My therapist she asked what I could have used back then, what I would have liked to hear, what might have helped, and I didn’t have an answer. I still don’t. At sixteen, seventeen, eighteen, when your fears are nuclear destruction and vaporization, it’s hard to think of anything that might have calmed them. I don’t even think I brought it up to my parents. It was something that lay under the surface of everything good, but it wasn’t exactly dinner table conversation. Not in our house, anyway. My parents watched the same news, they experienced the same threats as I did. But they’d also lived through the Cuban Missile Crisis. They’d lived through WWII as well, and although they were both only ten when the war ended, my dad’s four older brothers all served overseas, so that was his reality. Maybe for them these threats were just that, threats. Maybe they didn’t seem as imminent as the other situations they’d lived through. Or, maybe they were as afraid as I was, they just didn’t show it. Because that’s what parents do, isn’t it?

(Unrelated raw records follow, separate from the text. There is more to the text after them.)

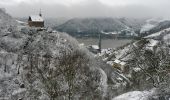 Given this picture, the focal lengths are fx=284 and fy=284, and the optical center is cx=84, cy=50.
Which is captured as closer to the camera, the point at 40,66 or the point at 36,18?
the point at 40,66

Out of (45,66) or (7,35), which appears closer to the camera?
(45,66)

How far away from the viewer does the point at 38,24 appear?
111 metres

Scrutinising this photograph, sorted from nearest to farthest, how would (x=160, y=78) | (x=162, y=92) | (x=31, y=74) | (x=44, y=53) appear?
(x=162, y=92), (x=160, y=78), (x=31, y=74), (x=44, y=53)

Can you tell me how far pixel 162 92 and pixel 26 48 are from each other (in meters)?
64.3

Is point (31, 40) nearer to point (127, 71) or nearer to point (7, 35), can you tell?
point (7, 35)

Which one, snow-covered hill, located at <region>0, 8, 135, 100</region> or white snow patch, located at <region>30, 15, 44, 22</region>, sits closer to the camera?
snow-covered hill, located at <region>0, 8, 135, 100</region>

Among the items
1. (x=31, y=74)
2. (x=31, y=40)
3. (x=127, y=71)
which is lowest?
(x=127, y=71)

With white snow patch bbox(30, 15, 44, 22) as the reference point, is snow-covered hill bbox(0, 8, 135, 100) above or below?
below

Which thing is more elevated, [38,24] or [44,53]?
[38,24]

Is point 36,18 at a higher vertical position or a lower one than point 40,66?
higher

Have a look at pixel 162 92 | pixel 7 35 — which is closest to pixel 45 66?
pixel 7 35

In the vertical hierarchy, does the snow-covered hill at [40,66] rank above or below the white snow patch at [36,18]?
below

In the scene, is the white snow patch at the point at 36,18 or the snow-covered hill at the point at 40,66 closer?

So I don’t know what I needed to hear. “Don’t worry it’s never going to happen” would have been too trite, too dismissive, too wrong, really. The headlines screamed it; the news anchors talked daily about the fact that it could happen. And they told us in great detail how it would happen, and what our side of the world was doing—not to prevent it from happening, but to be the ones to do it first, in case the other side tried to start something. Truly the biggest “the one with the most toys wins” vibes there ever were.
As I read Kandell’s piece I felt some relief. Relief that this is truly a thing for people of my generation, that it’s not just me, it’s not just my brain jumping to conclusions of epic, worldwide disaster proportions. We remember what it was like. Our bodies remember what it was like. And it might seem like an overreaction, but as I’ve learned in therapy, our nervous systems are there to protect us. The fight or flight response is real, and it’s important.

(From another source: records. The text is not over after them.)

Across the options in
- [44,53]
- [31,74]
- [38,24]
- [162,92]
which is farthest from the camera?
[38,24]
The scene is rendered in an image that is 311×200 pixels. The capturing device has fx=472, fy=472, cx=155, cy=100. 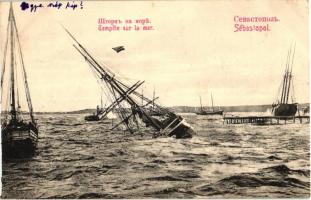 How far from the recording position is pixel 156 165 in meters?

Kandell’s entire essay is so good, and I find myself returning to portions of it pretty regularly. Today, the paragraph I’m holding onto is this last one:
“Ultimately, the abrupt reintroduction to this long-dormant but acute existential despair feels like an overdue gut check—a litmus test of how to be a citizen, a parent, right now. It’s a wake-up call to those of us who have been lucky enough to sleep as well as we have for as long as we have, and maybe there’s no going back. Because even if the unthinkable of The Day After—huge exhale—remains in the realm of childhood-nightmare fuel, the fact that it feels so palpable and plausible right now, for no good or sensible reason, means we were never really as safe as we’d thought.“
Bleak? Perhaps. But definitely, as they say, real talk. And if you’re reading this and you didn’t live through the 1980s but you’re also having some weird feelings about the world in this time and place, the essays I mentioned in this post are well worth your time.
And, you could find yourself a GenXer to talk to, too. We kinda get it.